- Task objective -
Without reproducing any image, print the listing below exactly.

======== Given data ========

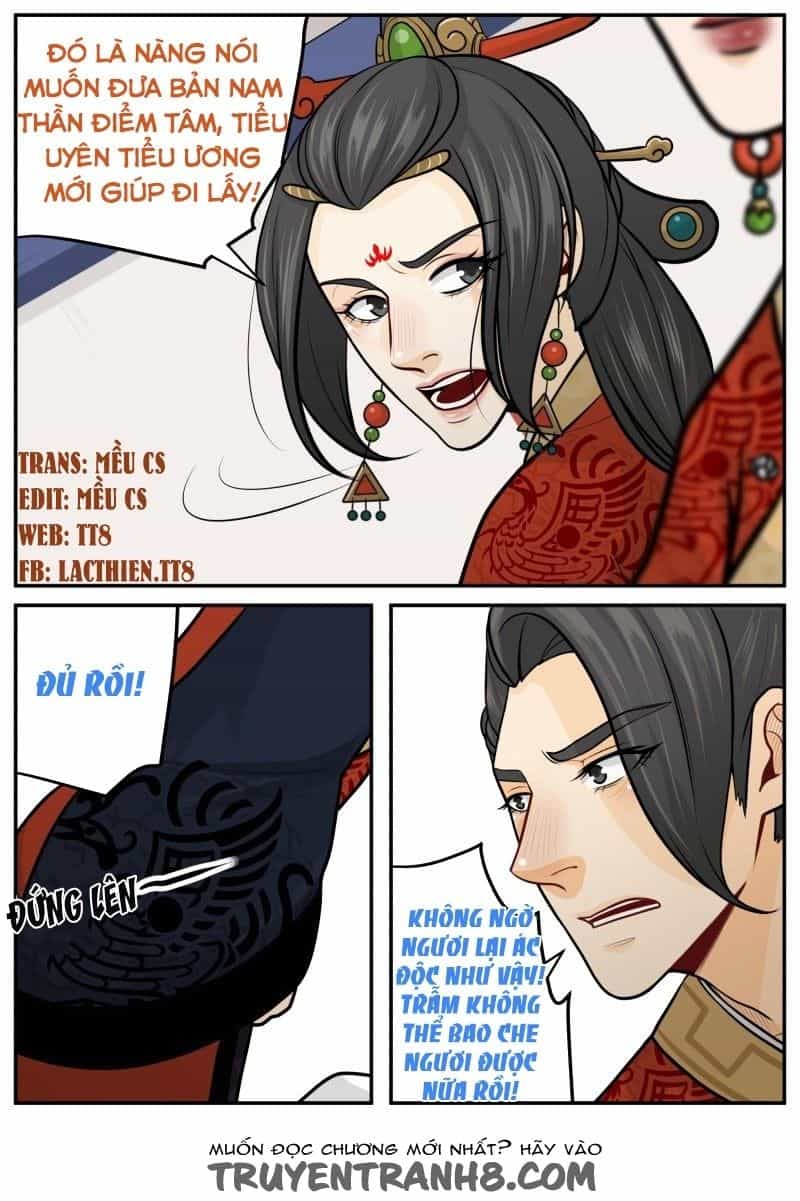 Hoàng Thượng Đoạn Tụ! Đừng Chạm Vào Ta - Chương 149 - ảnh 2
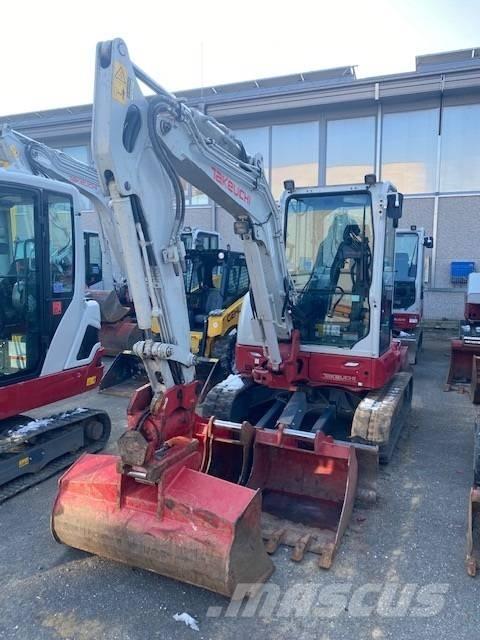 Takeuchi TB 335 R حفارات صغيرة أقل من 7 طن (حفارات صغيرة)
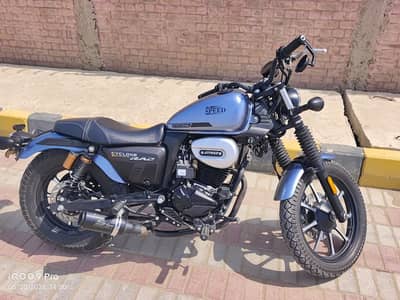 Hi-Speed Cyclone 250 ABS (2025)
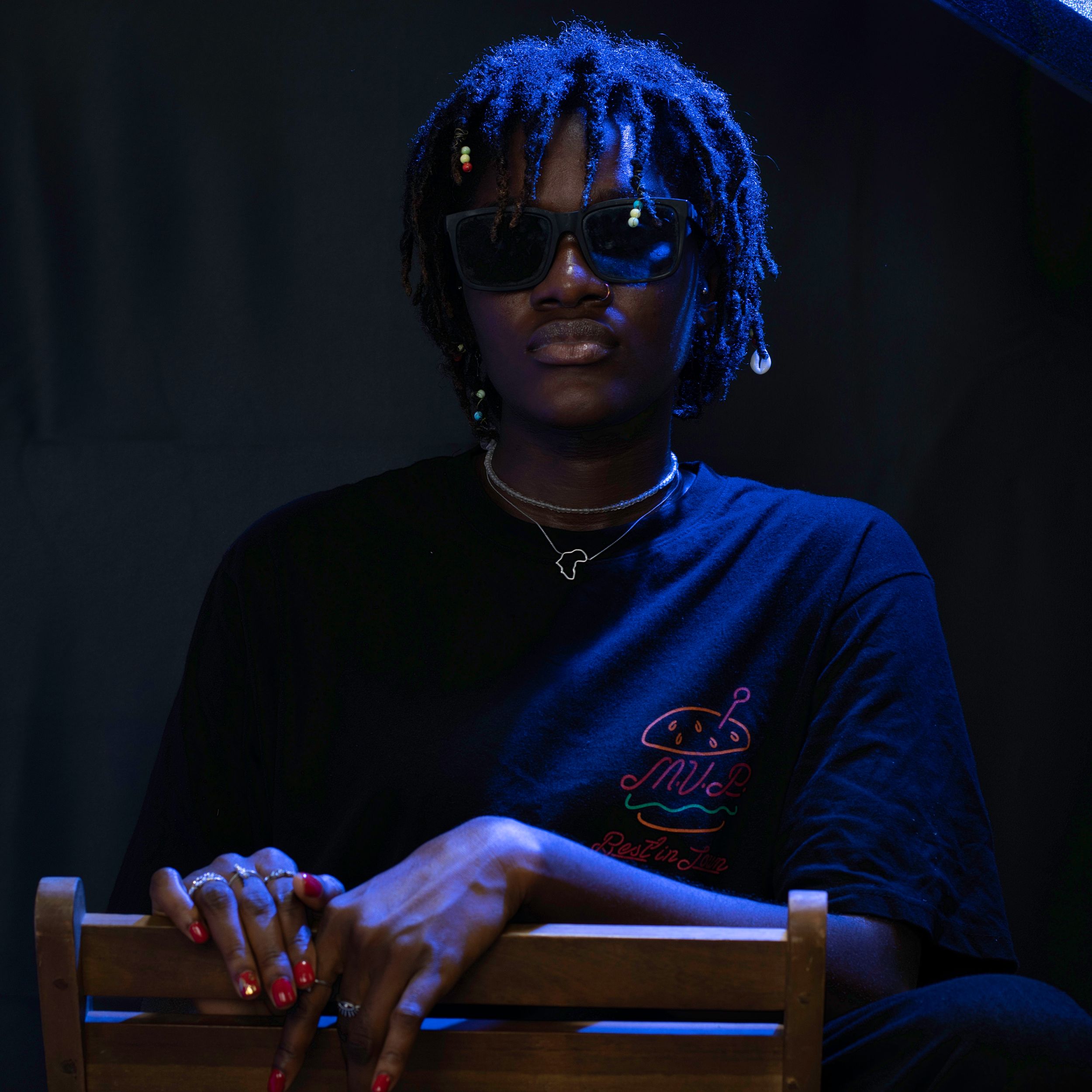 Ghana Fashion Portraits by Beck Vision Studios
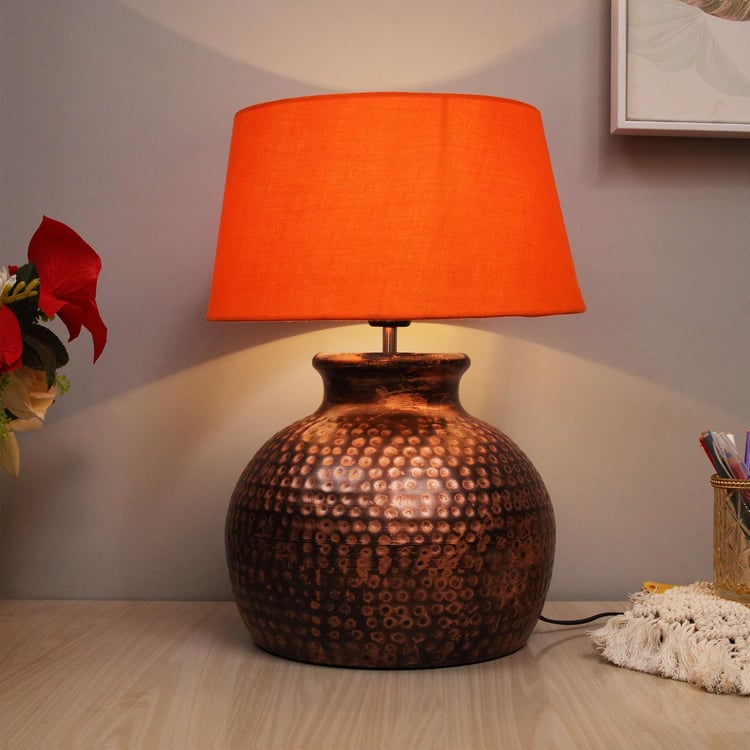 HOMESAKE Metal Table Lamp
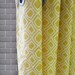 Geo Diamond Shower Curtain - Free Shipping - Pick your color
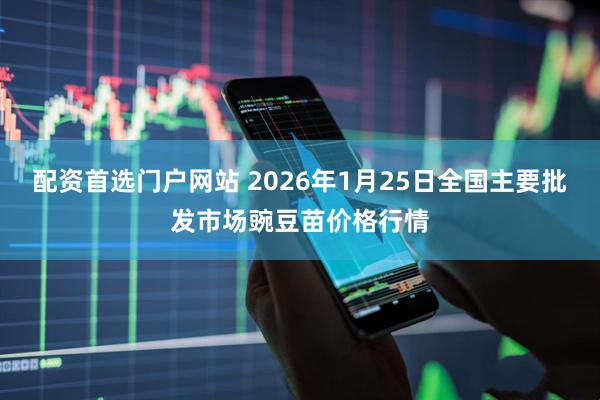 配资首选门户网站 2026年1月25日全国主要批发市场豌豆苗价格行情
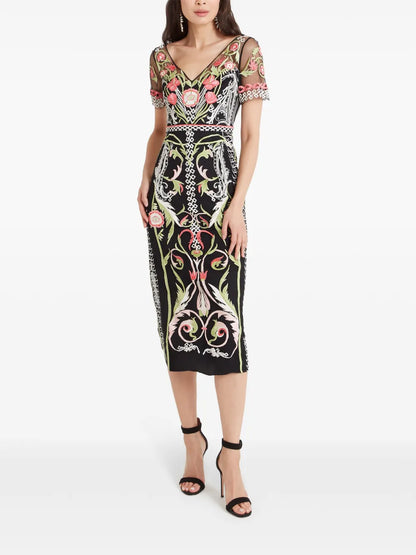 Alessia Midi Dress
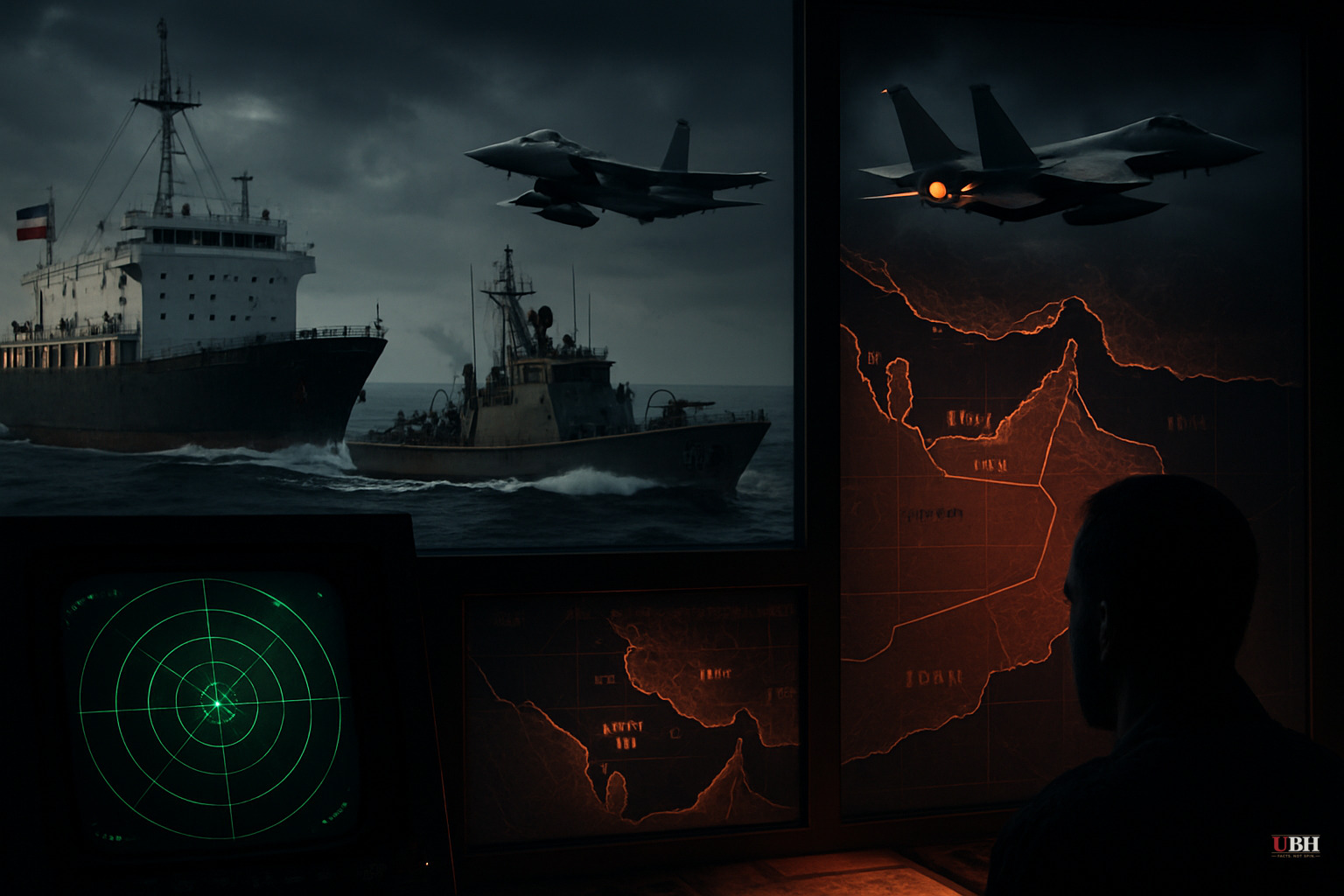 Iran Seizes Two More Ships, US Grabs Iranian Cargo Vessel — Peace Talks Now in Serious Doubt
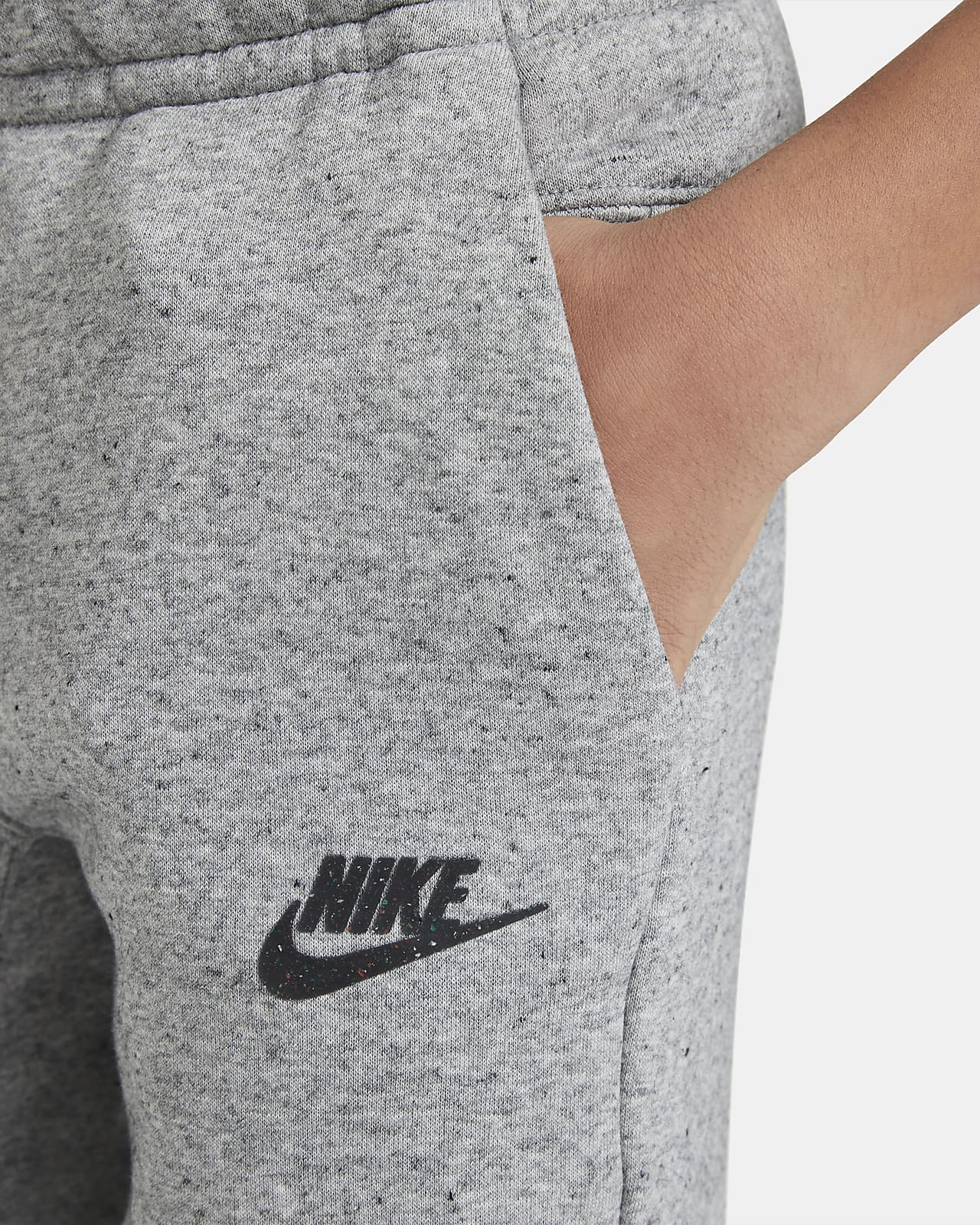 jogging nike enfant gris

========

- Response to this exercise -
 Hoàng Thượng Đoạn Tụ! Đừng Chạm Vào Ta - Chương 149 - ảnh 2
 Takeuchi TB 335 R حفارات صغيرة أقل من 7 طن (حفارات صغيرة)
 Hi-Speed Cyclone 250 ABS (2025)
 Ghana Fashion Portraits by Beck Vision Studios
 HOMESAKE Metal Table Lamp
 Geo Diamond Shower Curtain - Free Shipping - Pick your color
 配资首选门户网站 2026年1月25日全国主要批发市场豌豆苗价格行情
 Alessia Midi Dress
 Iran Seizes Two More Ships, US Grabs Iranian Cargo Vessel — Peace Talks Now in Serious Doubt
 jogging nike enfant gris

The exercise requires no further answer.